High dimensional datasets, or tabular data with many features describing each observation of a dataset, are increasingly commonplace in many research domains. How can researchers find patterns and extract insights from such complex and information-rich data? In this workshop, we will explore several tried and true methods that can help data analysts better understand their high dimensional data including: principal component analysis, data visualization, and regularized multivariate regression. As a result of participating in this workshop learners should be able to…
- Define, identify, and give examples of high dimensional datasets
- Visualize and explore high-dimensional data to reveal a research story
- Use dimensionality reduction techniques such as PCA to yield useful abstractions/summaries of complex, high dimensional data
- Understand the challenges associated with fitting both predictive (e.g., overfitting) and explanatory (e.g., avoiding multicolinearity) regression models to high dimensional datasets
- Optimize high dimensional multivariate regression models for either predictive or explanatory purposes via a combination of techniques including: PCA, feature selection, and regularization techniques (lasso, ridge, and elastic net)

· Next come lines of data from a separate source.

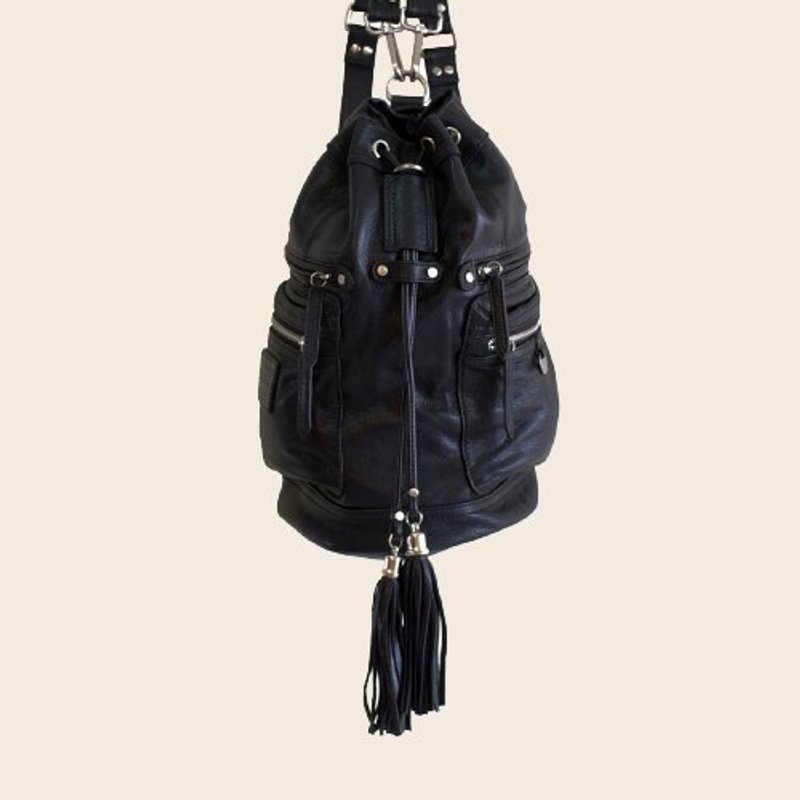 ► Jennifer ｜ shoulder bag ● 　　　　黑色／軟羊皮圓筒背包 - 側背包/斜背包 - 真皮 黑色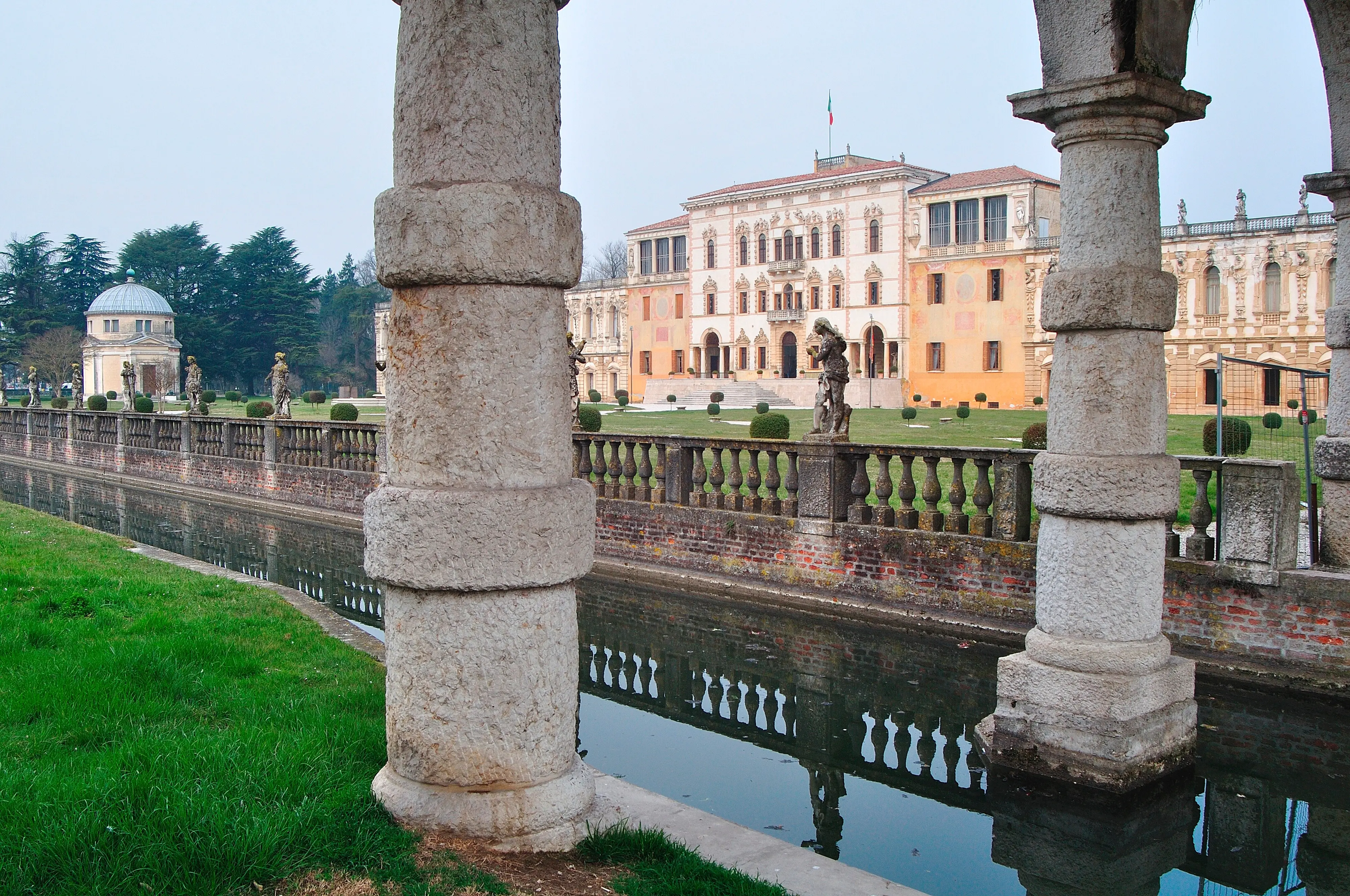 Italy, Veneto, Piazzola sul Brenta, Villa Contarini by Andrea Palladio Architect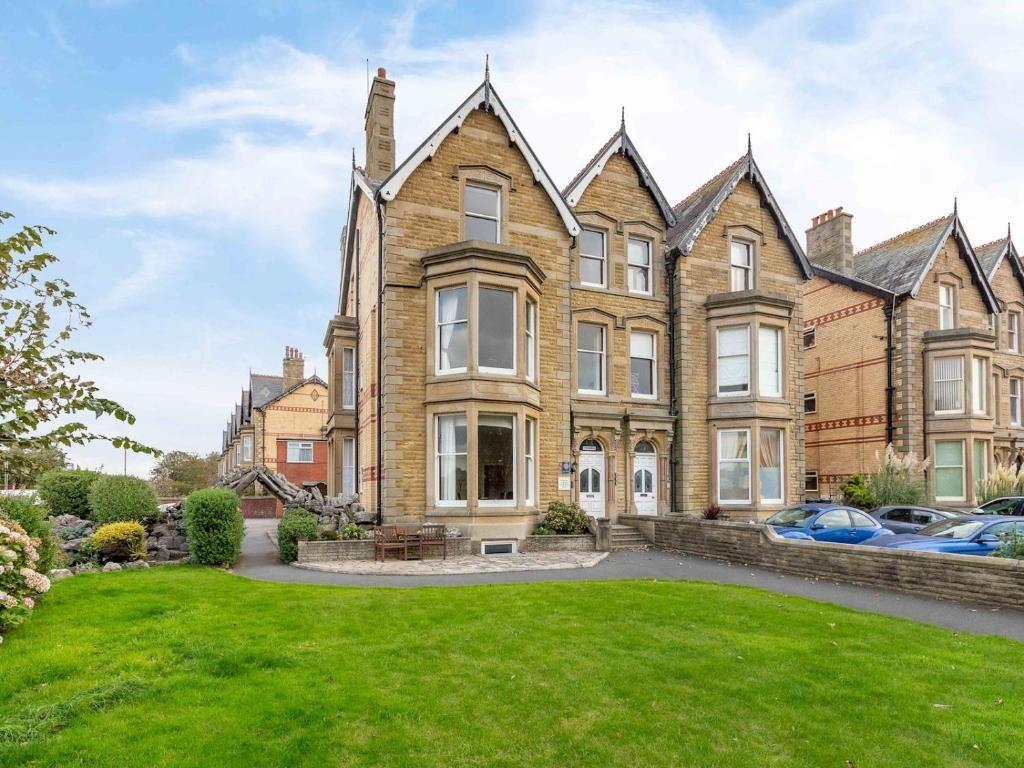 Main image of property: Clifton Drive North, Lytham St Anne's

- TODO: (1) How to navigate the common pitfalls of clustering in high-dimensions, (2) High-dim visualization tools including PacMAP and t-SNE
Prerequisites
Learners are expected to have the follow prerequisite knowledge:
- Introductory Python programming skills (variable assignments, how to create a function, for loops, etc.) and familiarity with the Pandas package. If you need a refresher on Python before taking this workshop, please review the lesson materials from this Introductory Python Carpentries workshop.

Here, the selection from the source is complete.